We all have a story to tell and this is part of mine.
There is so much that I love about living and the life I now live, but it never used to be this way.
From very early on in my life I remember never feeling as though I was enough. Strange yet this was true for me. My perception of myself was of a women who never stood up for herself, who would let people manipulate and abuse her, who would hide in the background so that no-one would see her. Somewhere in the core of my soul I knew that there was more in life, something more was possible than what I was seeing and living. So WHY do I feel like this about myself? What is this about? Most of my life I always tried to “fit” in or be the “good girl” or do out of obligation. I NEVER said: “NO”. I was the one that would always do for others and give and give, nurture everyone in my life, except myself. No-one in my life knew that this is how I felt about myself or the picture I had in my head of who I thought I was. Looking back I know I had a distorted self-perception.

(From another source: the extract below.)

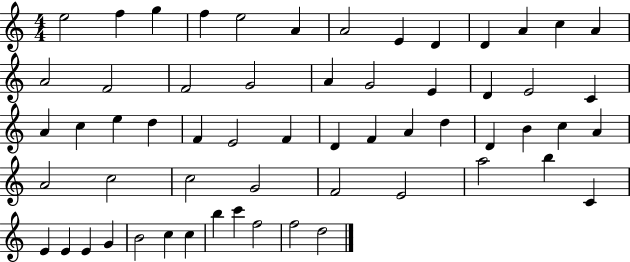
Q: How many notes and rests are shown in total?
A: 59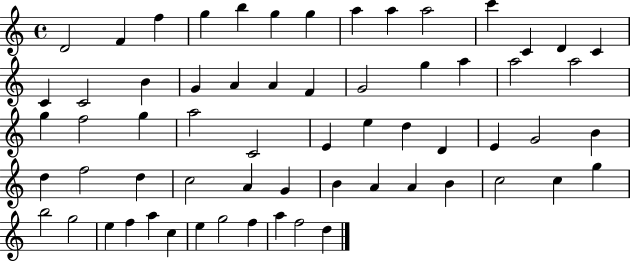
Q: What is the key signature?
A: C major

After being this way most of my life I reached a point where there was nothing else to give. The well had finally run dry; I was scrapping the bottom of the barrel. All the muck and stuck stuff was being dredged up. What started to show up in my life was not pretty. So much anger, fear, frustration, numbness, exhaustion, not coping and the list goes on and on.

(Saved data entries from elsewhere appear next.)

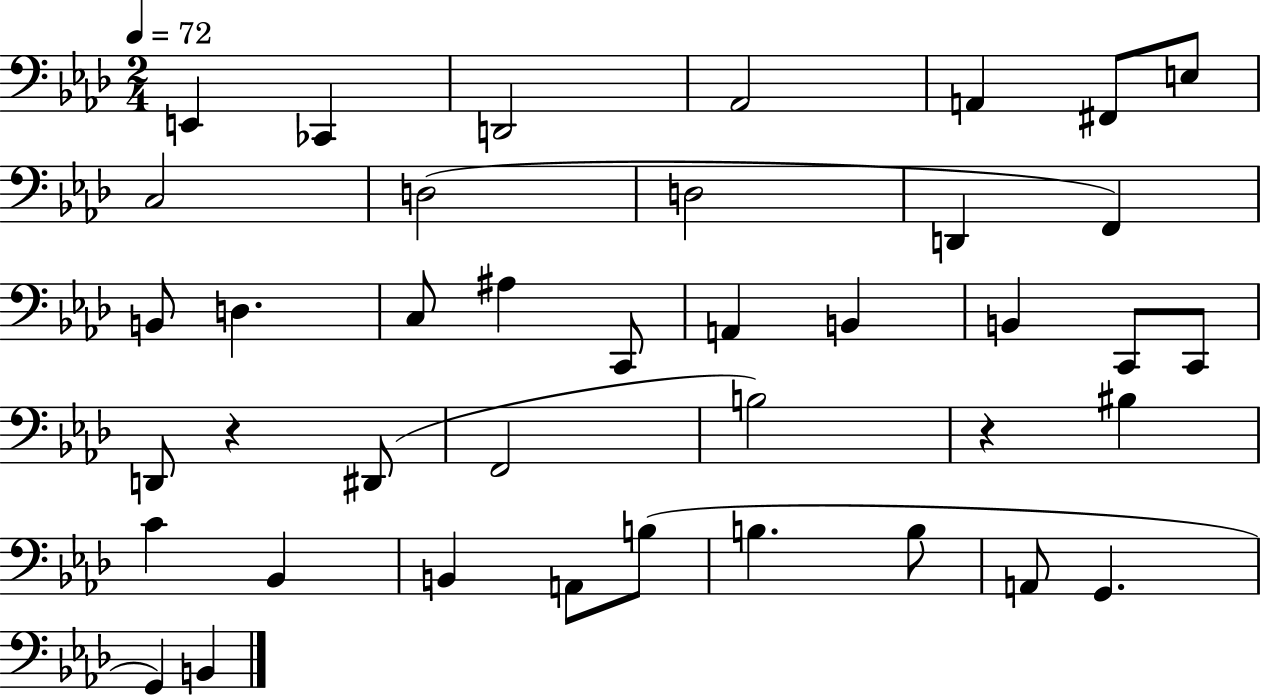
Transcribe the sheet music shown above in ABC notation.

X:1
T:Untitled
M:2/4
L:1/4
K:Ab
E,, _C,, D,,2 _A,,2 A,, ^F,,/2 E,/2 C,2 D,2 D,2 D,, F,, B,,/2 D, C,/2 ^A, C,,/2 A,, B,, B,, C,,/2 C,,/2 D,,/2 z ^D,,/2 F,,2 B,2 z ^B, C _B,, B,, A,,/2 B,/2 B, B,/2 A,,/2 G,, G,, B,,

The catalyst for me to choice to change the way I saw myself and my world happened when I became a mum. I never really knew me prior to being a mum and it got worse after becoming one. Again life was showing me that I nurtured my kids, hubby, family, friends everyone but me. Added to this mix was having Post Natal Depression with both my kids (now 11 and 9). I ended up on the same rollercoaster ride from my child hood. WHY? Well because I never really got to the core of WHY I kept choosing to create my life like this. WHY I never felt good enough to choose more for me.

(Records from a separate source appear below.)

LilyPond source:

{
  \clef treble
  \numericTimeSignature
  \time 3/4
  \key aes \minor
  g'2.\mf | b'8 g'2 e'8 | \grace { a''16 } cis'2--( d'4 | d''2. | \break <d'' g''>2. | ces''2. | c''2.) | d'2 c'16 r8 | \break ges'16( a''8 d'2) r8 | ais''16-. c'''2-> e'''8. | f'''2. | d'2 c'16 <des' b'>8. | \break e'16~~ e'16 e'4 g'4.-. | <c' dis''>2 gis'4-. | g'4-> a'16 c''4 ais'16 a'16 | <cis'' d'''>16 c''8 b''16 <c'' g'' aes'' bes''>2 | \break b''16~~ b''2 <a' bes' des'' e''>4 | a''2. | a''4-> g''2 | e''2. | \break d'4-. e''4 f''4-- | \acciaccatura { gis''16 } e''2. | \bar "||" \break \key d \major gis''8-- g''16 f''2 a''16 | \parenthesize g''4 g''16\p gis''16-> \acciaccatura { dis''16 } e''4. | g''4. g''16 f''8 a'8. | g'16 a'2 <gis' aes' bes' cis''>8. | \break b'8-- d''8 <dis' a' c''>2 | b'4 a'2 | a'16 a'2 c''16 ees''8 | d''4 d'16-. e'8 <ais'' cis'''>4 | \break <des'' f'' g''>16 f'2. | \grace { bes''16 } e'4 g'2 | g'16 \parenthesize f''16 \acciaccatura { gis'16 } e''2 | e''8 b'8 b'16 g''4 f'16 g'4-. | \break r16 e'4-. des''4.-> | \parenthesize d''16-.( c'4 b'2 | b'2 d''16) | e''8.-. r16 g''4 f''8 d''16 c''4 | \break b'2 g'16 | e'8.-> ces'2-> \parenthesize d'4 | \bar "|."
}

The journey of many tiny steps began…the exploration and delicious discovery of: WHO AM I? This was my time to rediscover and unlock the real me from behind the barriers that I had placed around my heart, around my whole being to keep others out, only I also kept myself out. I had no idea who I was, what I enjoyed, what I was capable of. I had never taken the time to find me. If I stay hidden then I could hide the fact that I never felt as though I was enough! I always believed that others would also see that I wasn't enough. The lies we tell ourselves can destroy, debilitate and stop us from living.
When we are in a place of survival we cannot conceive what we would like to have in our life. Often getting through our day is all we have in us. I know you can change this. I know that it is possible to move from survival to living your life and enjoying your life.
Will it be uncomfortable? .... Probably. Will it be worth it! .... Every bit of it.
My gift and contribution to you is to empower, inspire and invite you to be you. To offer you simple, practical strategies to cope and live your life. I desire to show you that you can love your life and be the best YOU!
Life is meant to be easy, fun, joyful and filled with gratitude for it all.
It takes time. It takes making choices. It takes action and it takes absolute trust and belief in YOU!
What could possibly change in your life when you know that YOU are enough? You can have a life that you love and I am here for you.
Choose to start where you are today, in this very moment, right now.